» About this task
Reproduce, exactly and in full, the lines from the one with "Moving on to" through the one with "Hi everyone, in" in the data below; drop pictures.

» Records shown
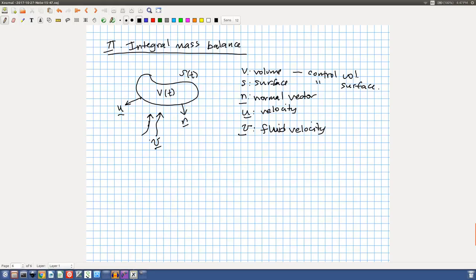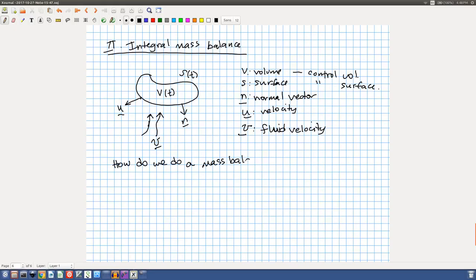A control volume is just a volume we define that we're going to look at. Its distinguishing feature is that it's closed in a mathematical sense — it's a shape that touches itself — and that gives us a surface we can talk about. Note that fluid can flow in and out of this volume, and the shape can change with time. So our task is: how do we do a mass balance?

...

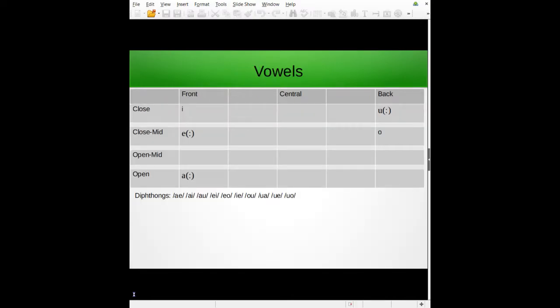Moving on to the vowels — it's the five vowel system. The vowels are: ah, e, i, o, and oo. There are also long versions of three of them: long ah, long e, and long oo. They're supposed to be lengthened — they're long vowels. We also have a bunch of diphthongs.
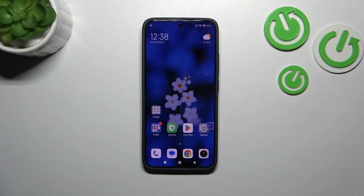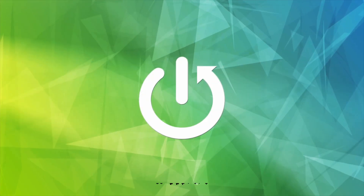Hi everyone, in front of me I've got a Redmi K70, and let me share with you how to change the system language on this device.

» Output for this exercise
Moving on to the vowels — it's the five vowel system. The vowels are: ah, e, i, o, and oo. There are also long versions of three of them: long ah, long e, and long oo. They're supposed to be lengthened — they're long vowels. We also have a bunch of diphthongs.
Hi everyone, in front of me I've got a Redmi K70, and let me share with you how to change the system language on this device.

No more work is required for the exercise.